Task brief :: Your answer should be an exact copy of all the entries, free of pictures.

Crawled caption data:
+--

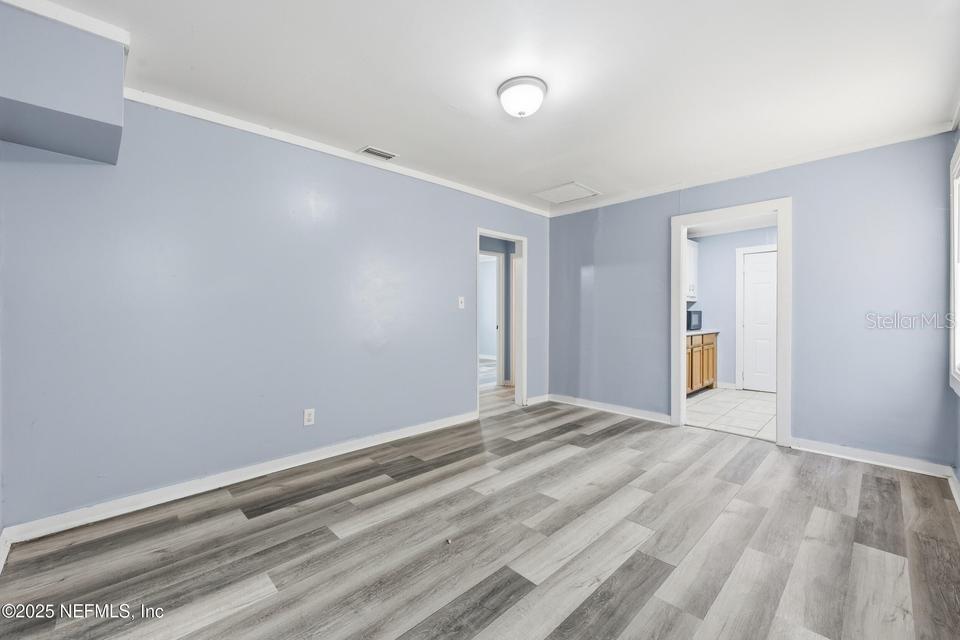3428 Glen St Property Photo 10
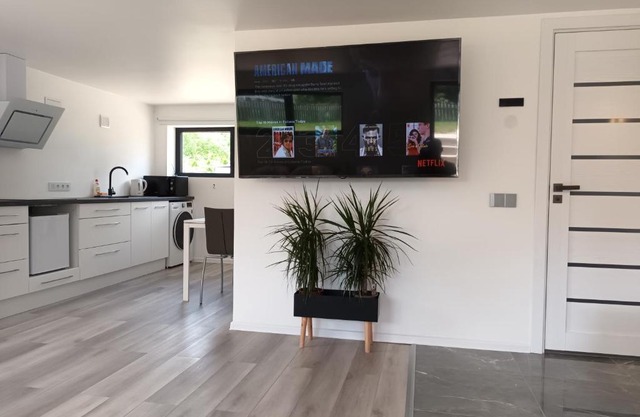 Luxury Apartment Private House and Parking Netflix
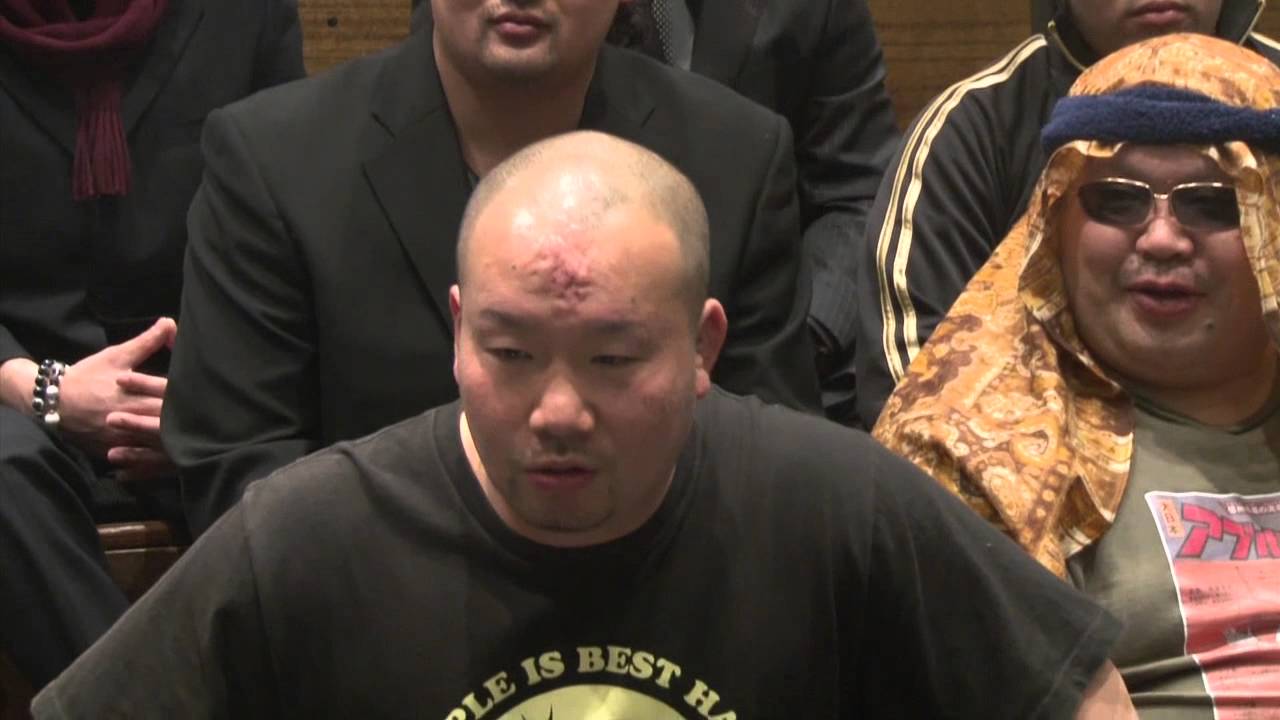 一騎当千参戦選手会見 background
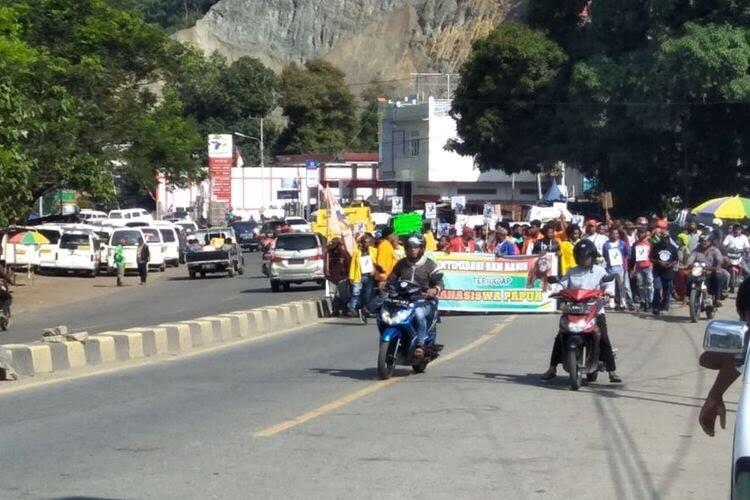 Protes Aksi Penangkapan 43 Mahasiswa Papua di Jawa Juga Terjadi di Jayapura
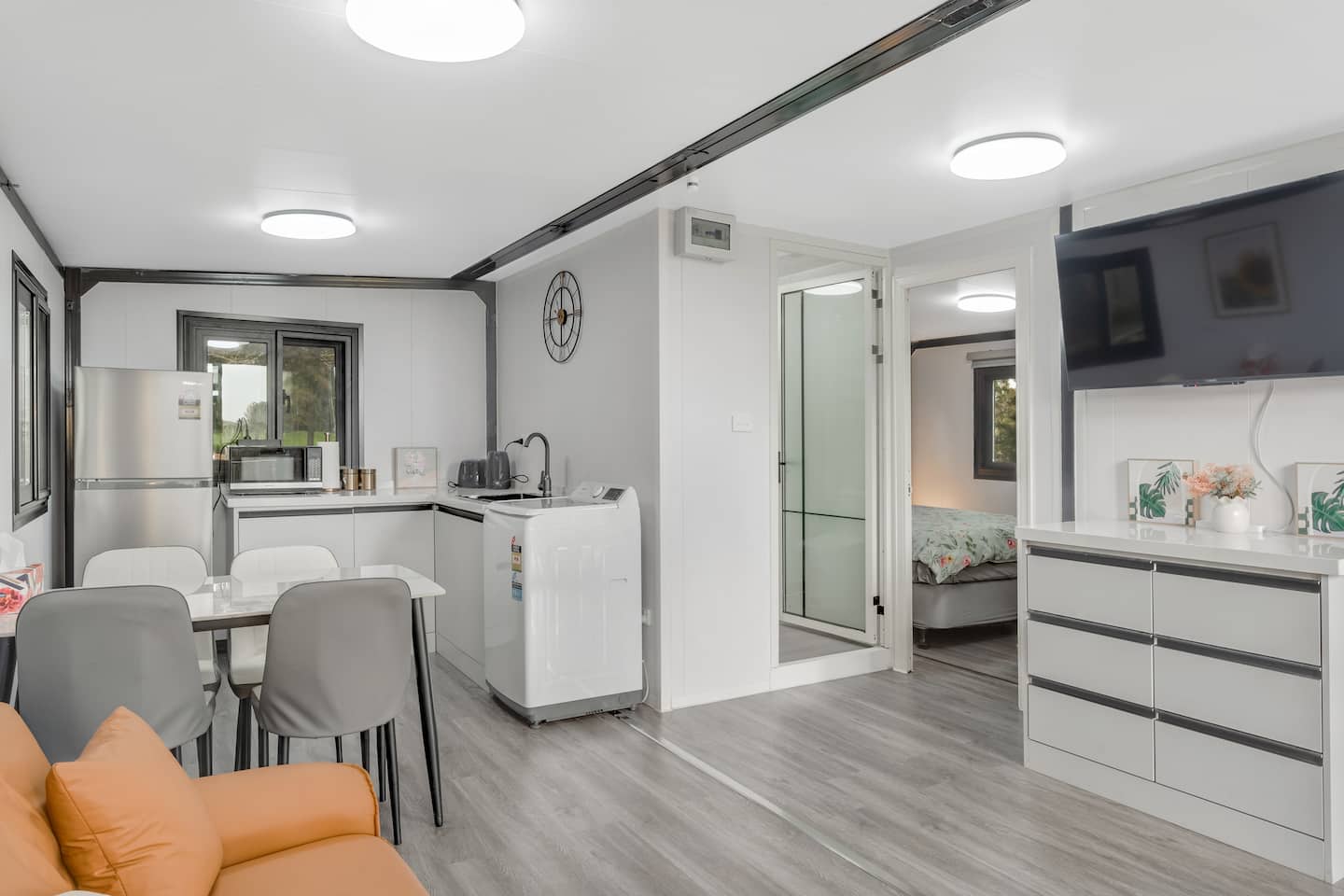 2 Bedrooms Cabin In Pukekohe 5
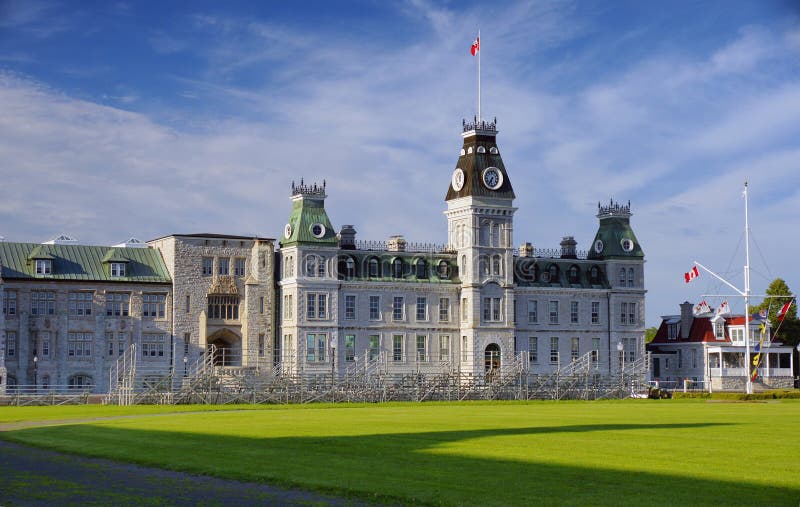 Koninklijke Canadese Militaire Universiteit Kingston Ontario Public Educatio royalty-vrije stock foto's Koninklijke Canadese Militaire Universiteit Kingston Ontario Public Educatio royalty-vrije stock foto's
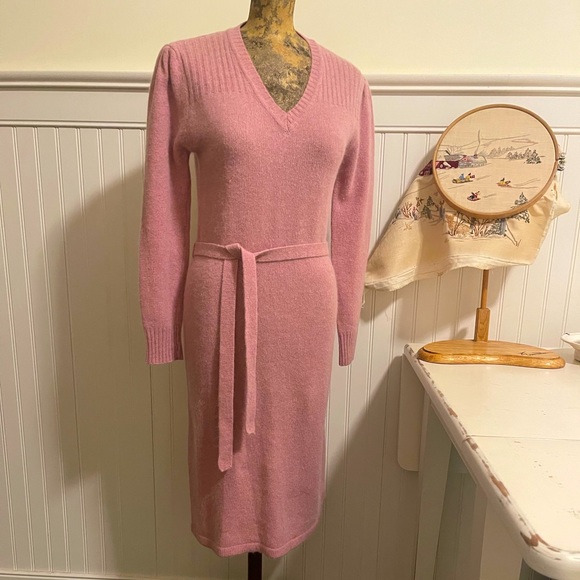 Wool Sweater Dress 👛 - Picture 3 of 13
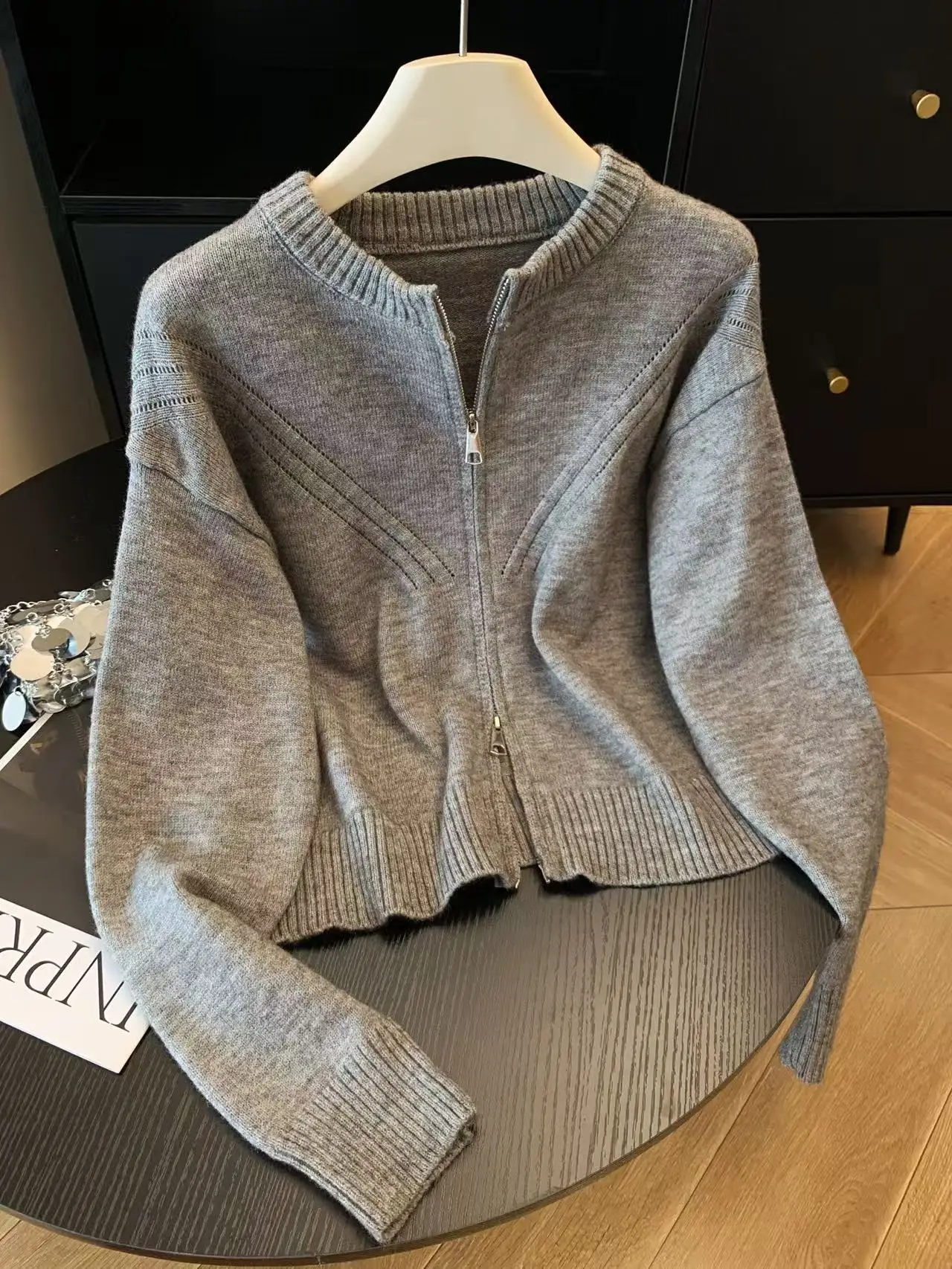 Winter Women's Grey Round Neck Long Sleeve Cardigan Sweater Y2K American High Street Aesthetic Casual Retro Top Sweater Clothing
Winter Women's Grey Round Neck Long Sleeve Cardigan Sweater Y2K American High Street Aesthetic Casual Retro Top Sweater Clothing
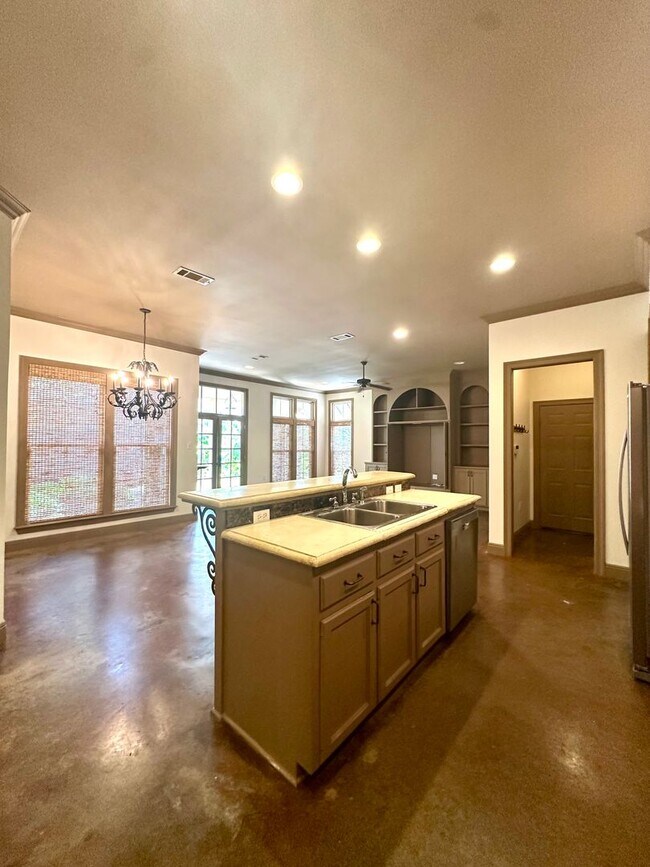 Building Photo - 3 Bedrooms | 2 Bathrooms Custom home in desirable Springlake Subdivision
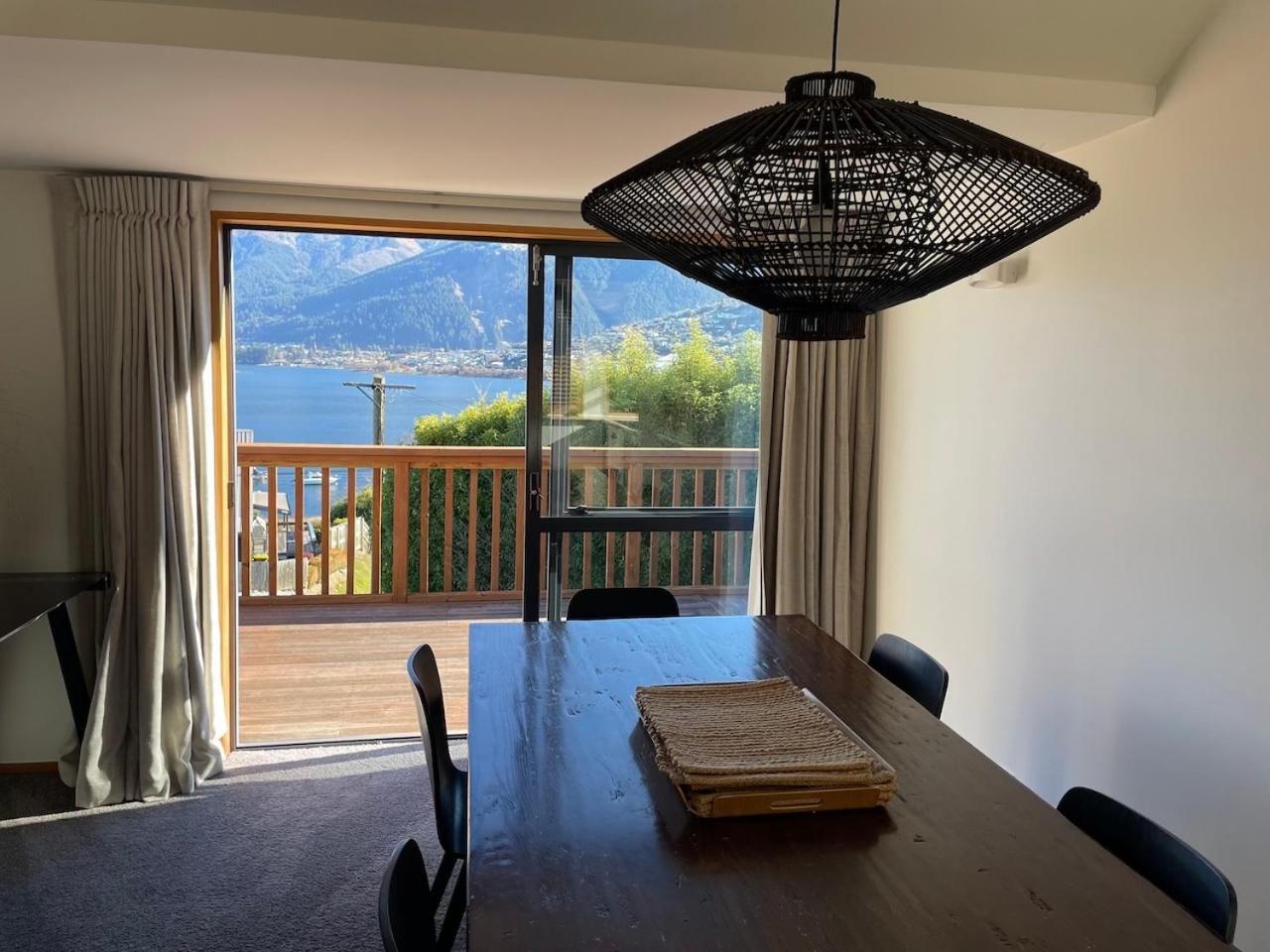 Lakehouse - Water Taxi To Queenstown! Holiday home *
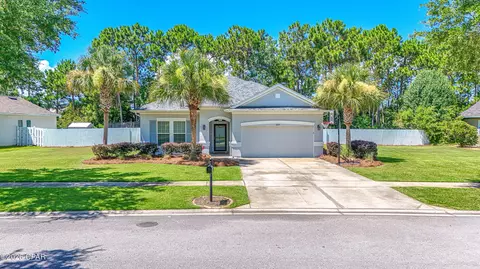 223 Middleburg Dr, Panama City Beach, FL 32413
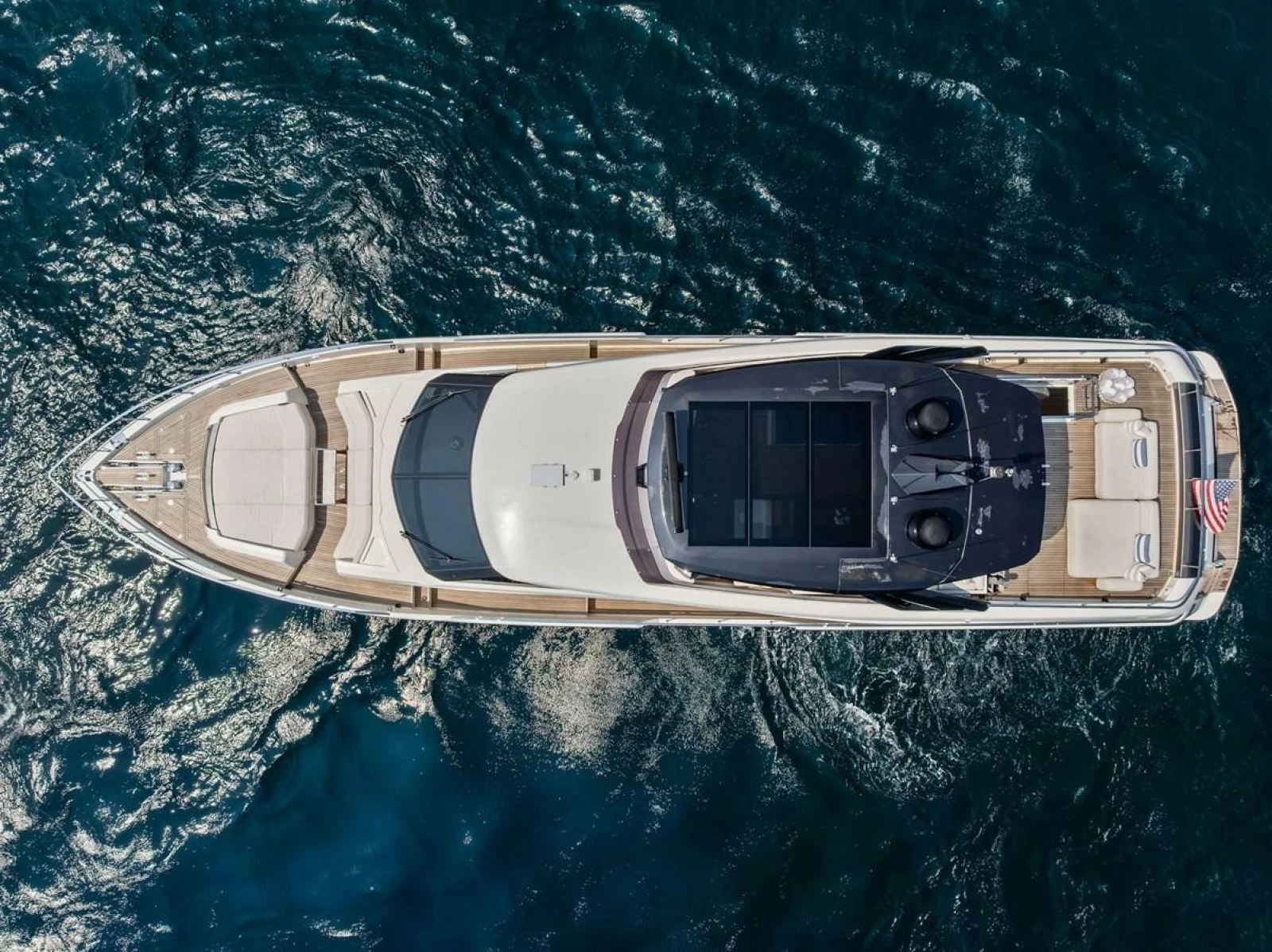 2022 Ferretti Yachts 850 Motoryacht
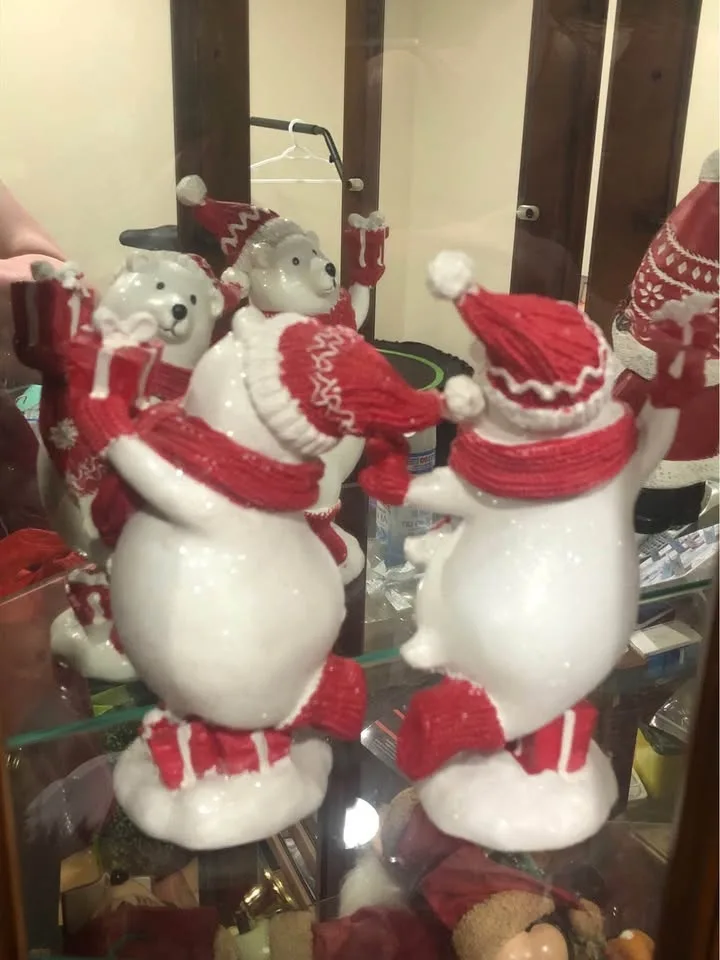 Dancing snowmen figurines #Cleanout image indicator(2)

+--

The completed task ::
3428 Glen St Property Photo 10
 Luxury Apartment Private House and Parking Netflix
 一騎当千参戦選手会見 background
 Protes Aksi Penangkapan 43 Mahasiswa Papua di Jawa Juga Terjadi di Jayapura
 2 Bedrooms Cabin In Pukekohe 5
 Koninklijke Canadese Militaire Universiteit Kingston Ontario Public Educatio royalty-vrije stock foto's Koninklijke Canadese Militaire Universiteit Kingston Ontario Public Educatio royalty-vrije stock foto's
 Wool Sweater Dress 👛 - Picture 3 of 13
 Winter Women's Grey Round Neck Long Sleeve Cardigan Sweater Y2K American High Street Aesthetic Casual Retro Top Sweater Clothing
Winter Women's Grey Round Neck Long Sleeve Cardigan Sweater Y2K American High Street Aesthetic Casual Retro Top Sweater Clothing
 Building Photo - 3 Bedrooms | 2 Bathrooms Custom home in desirable Springlake Subdivision
 Lakehouse - Water Taxi To Queenstown! Holiday home *
 223 Middleburg Dr, Panama City Beach, FL 32413
 2022 Ferretti Yachts 850 Motoryacht
 Dancing snowmen figurines #Cleanout image indicator(2)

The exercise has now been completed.